Remie Streete

Personal information
- Full name: Remie Streete
- Date of birth: 2 November 1994 (age 31)
- Place of birth: Aylesbury, England
- Height: 1.89 m (6 ft 2+1⁄2 in)
- Position: Defender

Youth career
- 1999–2008: Boldon Colts
- 2008–2011: Newcastle United

Senior career*
- Years: Team / Apps / (Gls)
- 2011–2015: Newcastle United / 0 / (0)
- 2014: → Port Vale (loan) / 2 / (0)
- 2015: → Rangers (loan) / 0 / (0)
- 2015–2017: Port Vale / 50 / (5)
- Total:  / 52 / (5)

= Remie Streete =

English footballer

Remie Streete (born 2 November 1994) is an English former professional footballer who played as a defender. He is the son of Floyd Streete.

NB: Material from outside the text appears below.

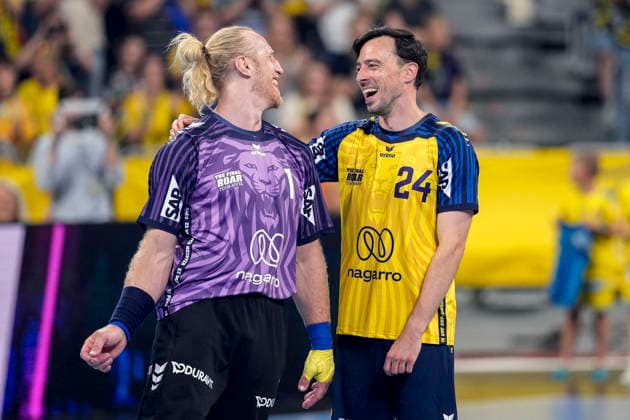 v.li.: Mikael Appelgren (Torwart, Team Apfel, 1) und Patrick Groetzki (Team Johnny, 24), Freude, freuen sich über das 32:32 Unentschieden nach dem Spiel, freut sich, freundlich, fröhlich, glücklich, strahlend, optimistisch, Aktion, Action, 19.07.2026, Mannheim (Deutschland), Handball, The Final Roar, Team Johnny - Team Apfel *** From left: Mikael Appelgren, goalkeeper, Team Apfel, 1, and Patrick Groetzki, Team Johnny, 24; joy, celebrating the 32–32 tie after the game; happy, friendly, cheerful, radiant, optimistic; action, July 19, 2026, Mannheim, Germany, handball, The Final Roar, Team Johnny vs. Team Apfel xozx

He turned professional at Newcastle United in June 2011 and had brief loan spells at Port Vale and Rangers before he joined Port Vale on a free transfer in June 2015. He left Vale following the club's relegation out of EFL League One in May 2017.

==Career==

===Newcastle United===
Born in Aylesbury, England, Streete grew up in South Shields and played for Boldon Colts from the age of five to 13 before rejecting interest from Sunderland to join the Newcastle United academy in 2008. He made his debut for the under-18s against Crewe Alexandra on 20 March 2010. He was given the inaugural Jack Hixon Award in 2010. He signed professional terms with the club in June 2011, with the three-and-a-half-year contract starting on his 17th birthday.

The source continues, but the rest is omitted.